Под угрозой взрывающихся снарядов несколько часов впустую пробегав по окопам, грязь и вода в которых были нам по щиколотку, мы, смертельно измученные, забрались в ниши для боеприпасов, вделанные в стены. Финке натянул на меня свое одеяло, но я все равно не мог сомкнуть глаз и, куря сигары, с чувством полной безучастности ждал, когда наступит рассвет.
Первый же утренний луч осветил невероятное оживление на нашем кратерном поле. Несметные пехотные части пытались достичь укрытий. Артиллеристы тащили боеприпасы, минометчики тянули свои тележки, телефонисты и сигнальщики устанавливали связь. Это была чистейшей воды ярмарочная кутерьма в тысяче метрах от противника, который самым неправдоподобным образом ничего не замечал.
К счастью, я натолкнулся на командира второй пулеметной роты, лейтенанта Фалленштайна, старого фронтового офицера, показавшего мне наше убежище. Первой его фразой было: «Послушай, на кого ты похож?» Я отвел своих людей в большую штольню, мимо которой ночью мы пробегали по крайней мере раз двенадцать и где я нашел Шмидтхена, еще ничего не знавшего о наших бедах. Обнаружил я здесь и наших проводников. С этого дня, как только мы занимали новую позицию, я подбирал проводников всегда сам и делал это с величайшей осмотрительностью. Война учит основательно, но плату за учение требует высокую.

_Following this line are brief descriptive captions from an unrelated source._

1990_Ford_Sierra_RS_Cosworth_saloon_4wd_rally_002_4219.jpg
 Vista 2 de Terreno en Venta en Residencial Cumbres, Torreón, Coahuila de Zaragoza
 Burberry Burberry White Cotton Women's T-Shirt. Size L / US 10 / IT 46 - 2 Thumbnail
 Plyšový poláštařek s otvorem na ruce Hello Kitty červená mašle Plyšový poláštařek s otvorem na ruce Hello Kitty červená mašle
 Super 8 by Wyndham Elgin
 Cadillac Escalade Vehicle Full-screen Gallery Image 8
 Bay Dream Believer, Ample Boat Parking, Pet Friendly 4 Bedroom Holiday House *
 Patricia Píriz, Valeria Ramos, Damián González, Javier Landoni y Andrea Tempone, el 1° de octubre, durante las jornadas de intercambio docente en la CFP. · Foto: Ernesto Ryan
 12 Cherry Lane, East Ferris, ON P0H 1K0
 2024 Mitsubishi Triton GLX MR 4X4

Разместив своих спутников, я отправился к месту кошмара прошедшей ночи. Местность выглядела ужасно. Вокруг выжженной воронки лежало свыше двадцати почерневших трупов, почти все разодранные до неузнаваемости. Некоторых из погибших мы позднее причислили к пропавшим без вести, так как от них ничего не осталось.